-- RECORDS TO USE follows --

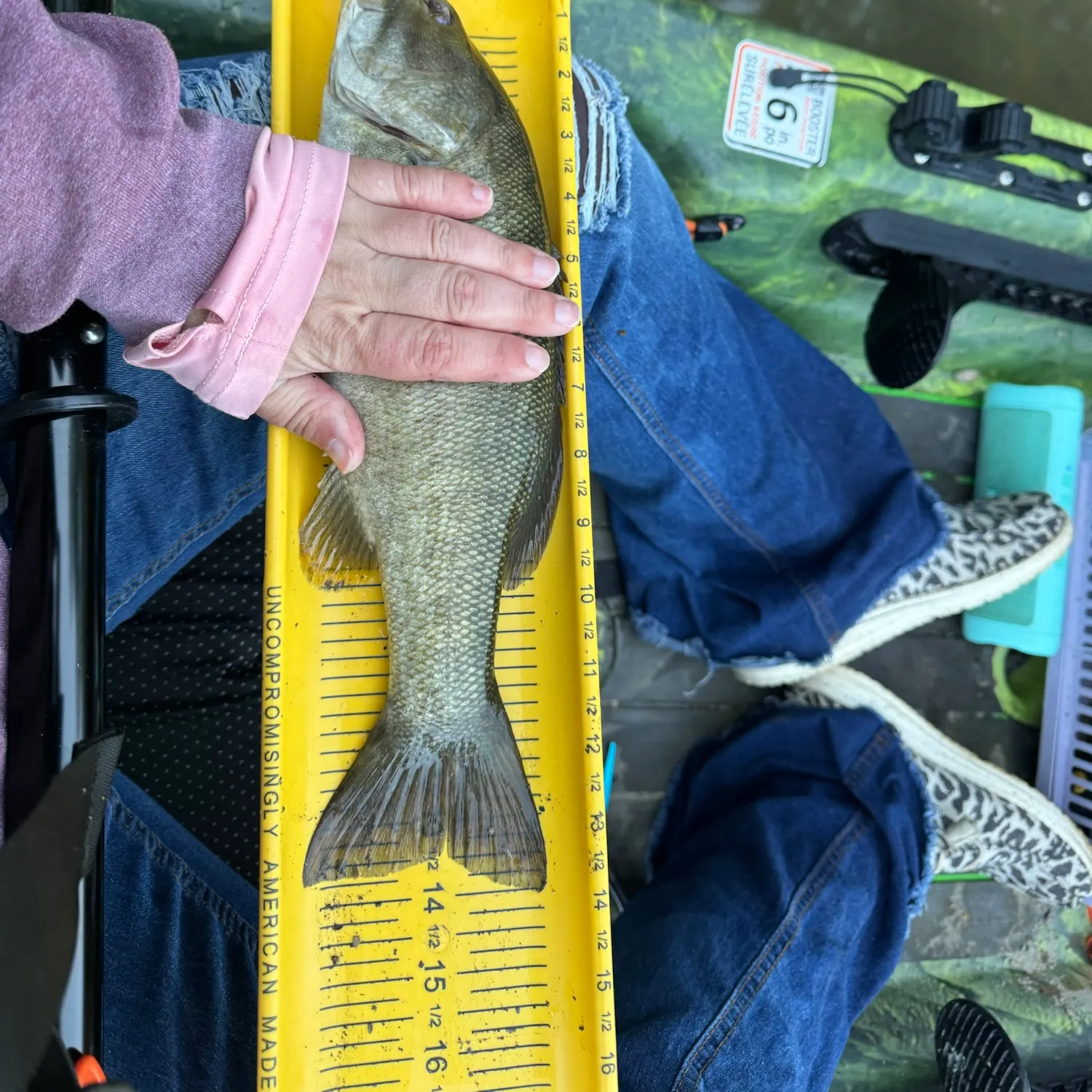 Smallmouth bass caught on Fishbrain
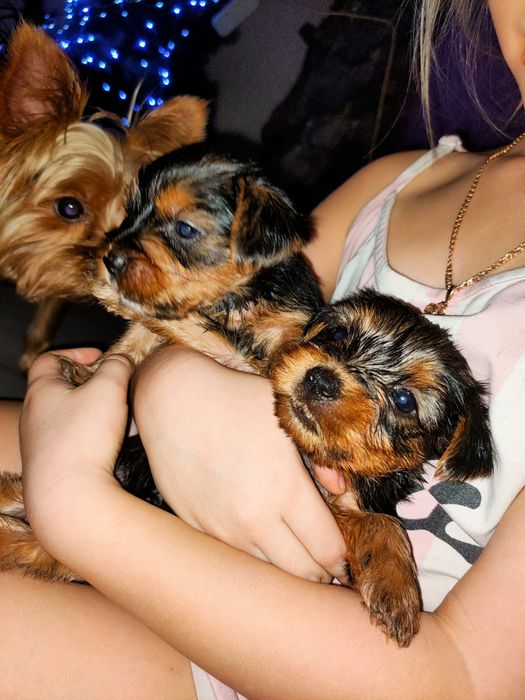 Йоркширский терьер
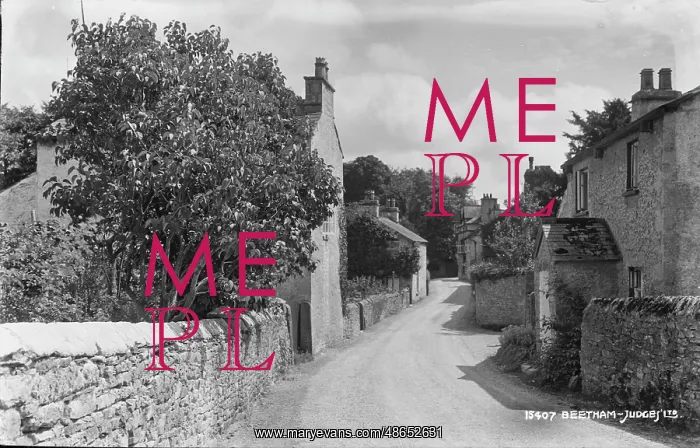 : Quiet Village Lane : Quiet Village Lane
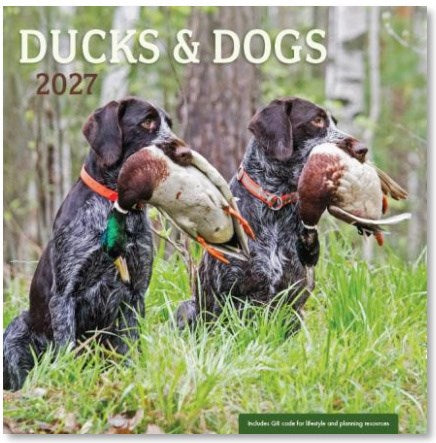2027 Wall Calendar-Ducks & Dogs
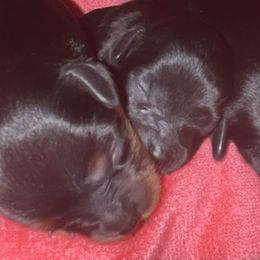 Cavapoos, Poodles, and Yorkshire Terriers from Hollywood Furbabies LLC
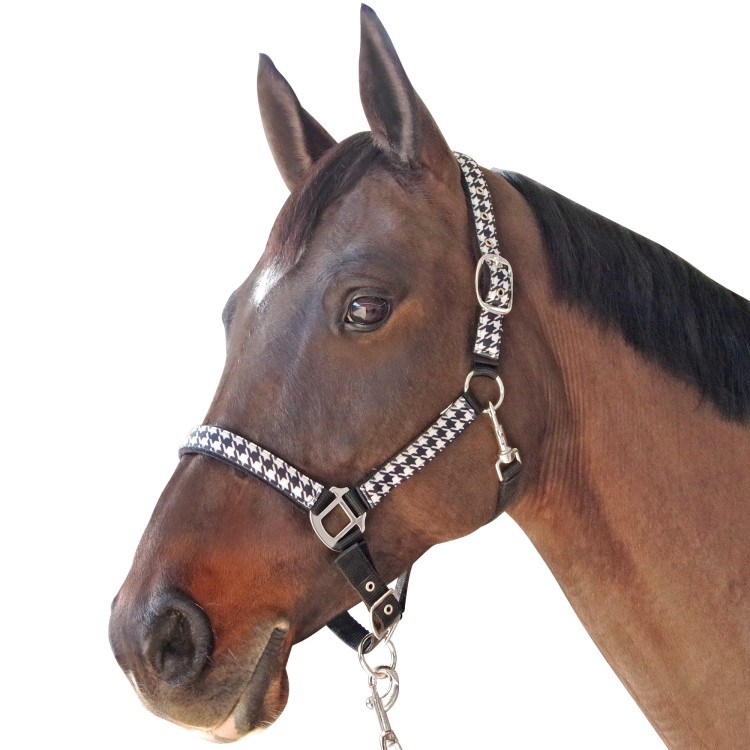 Set halster + lijn Pied de poule Canter Set halster + lijn Pied de poule Canter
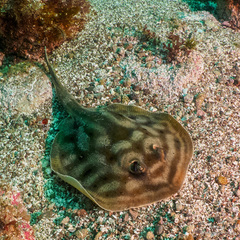 Urobatis maculatus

-- RECORDS TO USE concluded --

**AIM OF THE EXERCISE:**
Restate each entry word for word; pictures stay out of the copy.

**RESULT FOR THIS TASK:**
 Smallmouth bass caught on Fishbrain
 Йоркширский терьер
 : Quiet Village Lane : Quiet Village Lane
2027 Wall Calendar-Ducks & Dogs
 Cavapoos, Poodles, and Yorkshire Terriers from Hollywood Furbabies LLC
 Set halster + lijn Pied de poule Canter Set halster + lijn Pied de poule Canter
 Urobatis maculatus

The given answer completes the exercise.